Edwin Kiptoo Claims Inaugural Kalakaua Merrie Mile By Five Seconds
By Chris Lotsbom
HONOLULU, HI, USA (10-Dec) — Overcome with emotion, Edwin Ngetich Kiptoo ran down Kalakaua Avenue next to Waikiki Beach and didn’t stop at the Kalakaua Merrie Mile finish line despite winning the race.
After chasing down all the elite women, who had been given a 27-second head-start, and crossing the finish as champion of the inaugural race in 3:57.4, the Kenyan kept his pace up through the finish chute, blowing past cheering spectators and race volunteers. Kiptoo wouldn’t stop until reaching the Waikiki beachfront, when his manager Davor Savija flagged him down and got his attention. On his first trip outside of Kenya, Kiptoo didn’t want to slow down until he was assured that he had indeed won the gender challenge and its $3500 first prize.
“I chased the ladies and caught them. I wanted to push,” Kiptoo said, surrounded by spectators wanting selfies. “This is my first time. It’s a very nice place.”
In what may be America’s only pro road mile with a handicap format, organizers only added a prize money purse last Wednesday, paying $3500-1500-1000 for the first three athletes to cross the line. Honolulu Marathon Association president, Dr. Jim Barahal, came up with the 27-second gap and hoped for a tight finish.
Nicole Sifuentes, Shannon Osika, and Dominique Scott-Efurd led the women’s race from the gun, running three wide with Aisha Praught Leer and Erin Finn several steps back. Wanting to build a concrete buffer on the men, Sifuentes charged early figuring a cushion would be necessary with the likes of Kiptoo, Olympic 1500m finalist Nate Brannen, and 2014 NYRR Wanamaker Mile champion Will Leer in the field.
“We just went out hard from the gun, so the whole thing was hard. I didn’t necessarily feel like I could speed up at any point because I was gunning it,” Sifuentes told Race Results Weekly.
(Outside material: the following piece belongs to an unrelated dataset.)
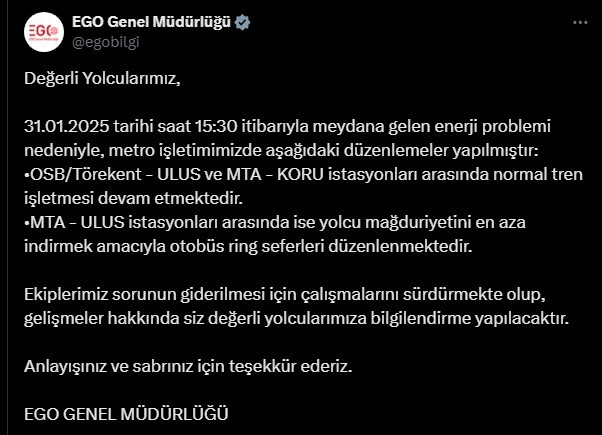 EGO resmi açıklama yaptı: Ankara Metrosunda enerji arızası yaşanıyor!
When the men started, Kiptoo promptly took the lead and wanted to front the male charge. He entered the race with a bold strategy. “I wanted to catch them before the turning point,” he explained. That was my plan.” Kiptoo quickly left the rest of the men’s field, which also included New Zealand miler Hamish Carson and USA steeplechaser Mason Ferlic, behind.
By the turn-around point –approximately a kilometer into the course– Kiptoo had accomplished his goal in part. He’d already caught up to Finn, and Sifuentes, Osika, and Scott-Efurd were only another 12 seconds ahead. The rest of the men were another eight seconds behind Kiptoo.